Прохор закрыл глаза; на лбу у него выступила испарина. А когда открыл – снова темно, снова один. Неужто поблазнилось? Или это лукавый с ним шутки шутит? Перекрестился три раза. Да вот же – рубаха на груди мокрая…
Покорись… Своя воля хуже неволи… Вот его своя воля куда завела. Не хотел в крепости быть – вот он уже и не крепостной, а слуга государев, избитый да в колодках от холода околевает. Как тот мужичок-то сказал?
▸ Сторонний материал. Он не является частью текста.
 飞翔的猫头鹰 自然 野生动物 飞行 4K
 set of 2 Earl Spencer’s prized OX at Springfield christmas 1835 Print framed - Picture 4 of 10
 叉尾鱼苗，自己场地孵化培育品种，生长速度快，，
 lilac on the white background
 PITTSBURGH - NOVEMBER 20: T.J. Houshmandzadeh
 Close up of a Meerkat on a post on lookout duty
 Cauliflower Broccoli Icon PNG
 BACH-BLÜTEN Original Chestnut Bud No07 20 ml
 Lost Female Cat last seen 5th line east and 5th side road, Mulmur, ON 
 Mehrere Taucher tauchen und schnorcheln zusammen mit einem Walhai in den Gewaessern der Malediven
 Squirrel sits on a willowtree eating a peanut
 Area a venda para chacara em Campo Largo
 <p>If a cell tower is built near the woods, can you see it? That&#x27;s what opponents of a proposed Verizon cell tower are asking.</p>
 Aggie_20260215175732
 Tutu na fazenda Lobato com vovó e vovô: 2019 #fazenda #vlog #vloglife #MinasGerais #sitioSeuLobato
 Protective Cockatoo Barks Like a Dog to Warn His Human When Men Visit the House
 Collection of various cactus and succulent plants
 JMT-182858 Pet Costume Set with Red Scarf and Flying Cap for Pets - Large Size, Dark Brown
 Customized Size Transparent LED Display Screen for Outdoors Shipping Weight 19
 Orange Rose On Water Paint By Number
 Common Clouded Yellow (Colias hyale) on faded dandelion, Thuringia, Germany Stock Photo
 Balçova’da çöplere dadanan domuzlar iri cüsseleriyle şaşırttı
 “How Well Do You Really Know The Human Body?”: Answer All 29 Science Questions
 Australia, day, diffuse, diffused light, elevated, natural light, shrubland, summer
Бог смиренных любит… И Прохору ясно вспомнилось, как во время утрени священник читал из Книги Притчей: «Много замыслов в сердце человека, но состоится только определенное Господом». Чему быть, того не миновать… Покорись… Бог смиренных любит…
Глава 15
Наутро после Михайлова дня вышел Аким Калистратыч на крыльцо, глядь – а оно все дегтем измазано. Взревел, ринулся обратно в избу, расшугав кур в сенях; у печи Дашка лучину щеплет; схватил ее за косу у самого корня, ударил об печь, швырнул на пол:
– Ах ты, курва, лядеть вздумала?
Пока не очухалась, протянул ее ухватом поперек спины: вот тебе! Вот тебе! А она, лярва, на карачках под лавку отползла; угодил со всего маху по краю лавки – ухват переломился; отшвырнул его, пошел вожжи снять со стены, а паскуда эта в сени – шасть; он за ней – стой, курва! Под ногами куры эти проклятые; выскочил на крыльцо – нет ее, кинулся за угол – сарафанишко уж по огороду скачет, улепетывает. Ну погоди ж ты у меня! Вернешься домой – первым делом крыльцо заставлю отскоблить, а уж затем таких всыплю – до новых веников не позабудешь! Выволок, пыхтя, сундук, куда Дашка себе приданое складывала, открыл; все, что там ни было, в клочья изодрал, наземь побросал и помоями облил. То-то!
…Даша скоро притомилась бежать, совсем запыхалась, да и тело все болит: и голова, и спина, и нога вон подволакивается. Остановилась у чьего-то плетня передохнуть – сразу холод до костей пробрал: в одной рубахе да в сарафане на улицу-то выскочила, а землю вон снежком припорошило. С чего это тятя взбеленился? И вдруг вспомнила, что, как на крыльцо выбегала, показалось оно ей черным; подняла ногу, посмотрела на подошву лапоточка – и обмерла. Господи, что же делать-то теперь? Позор-то какой! Людям на глаза не покажешься…
Побрела дальше, за косогором спустилась к реке, остановилась на берегу в нерешительности.